7 thoughts on “Recording Your Golf Swing”

  1. In the down the line view, how do you verify that the camera lens is perpendicular to the target line, toe line, etc.? In other words, I can see how it is easy to make sure the camera is at the correct height, and also at the correct point between the target line and the golfer’s toe line (or thigh line or whatever). However, if the camera is rotated a few degrees, it would change the views similar to how changing the position of the camera changes the views in your video demonstration here.

  2. Correction — meant on the golfer’s trail foot toe line, not between the toe line and target line.

  3. -JPB: didn’t know this fancy fact until recently but the issue you’re describing owes to parallax error, a distortion between what our eyes see and what the camera lens sees. The smaller the lens, the more the effect is magnified. To shoot swing videos on my iPhone SE 2020, I bought an app(ProCam 7) that enables balancing the lens in two dimensions. It’s not perfect, positioning the camera is still difficult, but it does help reduce the effect.

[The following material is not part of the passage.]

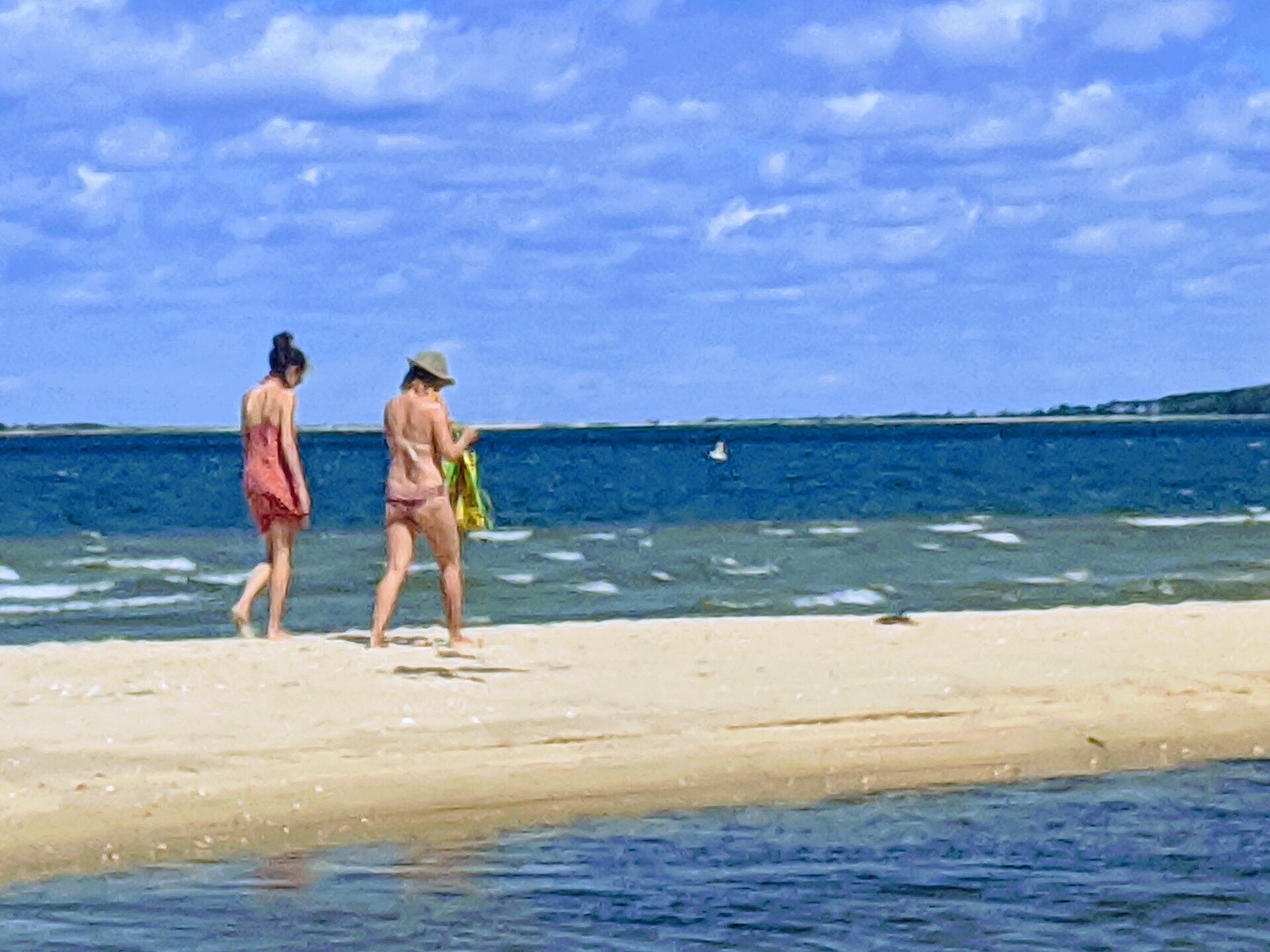 Louse Point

  4. Do you have any software recommendations? In my iphone settings I only have 30 or 60 fps rates. Some web searching sugggests that “Coaches Eye” used to be able to record at 240, but since Sept 2021 this is no longer available. If you’re recommending 200-300 fps, but that isn’t natively available it would be useful to know if there is third party tooling to accomplish this.

  5. I have an iPhone SE 2020 and use ProCam 8 to record golf swings, mainly because it allows shutter speed to be manually set. Higher shutter speeds is the key to recording club motion as anything but a blur. The fps can be set as high as 240 but I shoot at 720p60 because more frames don’t provide any more information but take longer to step through. I know little about cameras and photography so the UI was challenging to learn but the effort has been worth it.